Authors: Clive James
A serious fellow even while he was alive, the avant-garde novelist B. S. Johnson once informed a table and the people sitting around it – I was one of them, so I can vouch for this – that he did not admire Shakespeare, because real people don’t talk in verse. Showing similar powers of insight, Alomes is able to detect that Dame Edna Everage, Sir Les Patterson and others among Barry Humphries’ range of stage zanies do not correspond to any actual people in our country’s now advanced state of development. He further concludes that Humphries’ international theatrical success is therefore damaging to Australia’s image abroad. When Ian Britain favourably reviewed this book for the Melbourne
Age
, the strictures placed on Humphries were too much even for him, and he tried to point out the obvious: that Humphries’ fantastic characters were found just as entertaining by an Australian audience as a foreign one. More could be said on those lines, but I doubt it would be enough to convince Alomes, who is too hipped on his idea of the ‘cultural cringe’ (a term he employs interminably) to let go of the possibility that large sections of the Australian audience look up to Humphries precisely because he looks down on them. Alomes wouldn’t put anything past the middle class. Like many Australian soft-option academics who fancy themselves as radical political thinkers, he resolutely refuses to grasp that a middle class is the first article a liberal democracy manufactures, and the last it can do without.

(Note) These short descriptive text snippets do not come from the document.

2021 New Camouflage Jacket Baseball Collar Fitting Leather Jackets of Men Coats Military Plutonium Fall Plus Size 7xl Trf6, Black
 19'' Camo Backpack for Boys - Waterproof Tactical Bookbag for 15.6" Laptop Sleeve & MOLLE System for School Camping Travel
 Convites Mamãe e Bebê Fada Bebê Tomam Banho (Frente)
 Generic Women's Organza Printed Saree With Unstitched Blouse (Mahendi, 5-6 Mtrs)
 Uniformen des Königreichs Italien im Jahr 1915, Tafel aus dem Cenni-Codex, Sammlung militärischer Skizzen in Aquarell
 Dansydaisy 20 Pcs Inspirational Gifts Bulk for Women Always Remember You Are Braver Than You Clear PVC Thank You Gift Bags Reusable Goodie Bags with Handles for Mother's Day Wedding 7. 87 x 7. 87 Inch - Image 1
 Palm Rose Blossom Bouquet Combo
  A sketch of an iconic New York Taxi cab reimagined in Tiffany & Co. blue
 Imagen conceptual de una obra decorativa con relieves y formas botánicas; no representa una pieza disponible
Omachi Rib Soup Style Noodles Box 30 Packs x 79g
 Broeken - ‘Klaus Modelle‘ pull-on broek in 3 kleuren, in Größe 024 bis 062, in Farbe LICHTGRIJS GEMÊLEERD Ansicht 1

Of all the people in the book, Humphries is the one to whom the term Australian Expatriate Creative Artist applies most, and of whom its author knows least. You would never guess from what is written here that Humphries, throughout his career, and in addition to commanding a mandarin prose that integrates the wild inventiveness of the Australian idiom at a level beyond the reach of even his brightest critics, has devoted tireless energy to the study, rediscovery, preservation and furtherance of Australian music, literature, painting and architecture. Humphries is learned on a world scale, but his learning began at home, and always goes back there. An expatriate he might be, but a patriot he has always been. Everyone knows that, except Alomes and the dunderheads in his filing system, prominent among whom is Dan O’Neill, described as (and this is Alomes talking, not Sir Les) ‘literature scholar and radical academic at the University of Queensland’. In 1983 Radical Dan apparently asked ‘How much longer can this curious ritual last, a Londoner with quick uptake, retentive memory and verbal flair coming over here on a regular basis, to tear the living fang out of us for being “Australian”?’ I love that ‘verbal flair’: obviously a very compromising thing to be caught in possession of, like a bottle of anabolic steroids.
Not all of the names brought in to help lynch Humphries are ciphers. One of them belongs to the gifted playwright David Williamson, whose towering presence in this shambling rank of irascible homunculi is enough to prove that Alomes’s book is a more serious matter than it might appear, although never in a way that its author might like to think. Williamson is quoted as calling Humphries ‘a satirist who loathes Australia and everything about it’. As it happens, Humphries is a difficult customer in real life and there are things about his stage act that some of us find difficult too. I wouldn’t like to be in the first three or four rows when Sir Les is propagating rancid zabaglione from the dilapidated cloaca of his mouth, and I have always sympathized with the country wife in the fifth row when Dame Edna asks her what she had to do to get the pearls. Without question there is an implacable animus boiling somewhere behind the personae. But to discern in Humphries ‘almost a total hatred of Australia’ (Williamson again, apparently) takes something more than a lack of humour. It takes nationalism, which is where we get down to the nitty-gritty.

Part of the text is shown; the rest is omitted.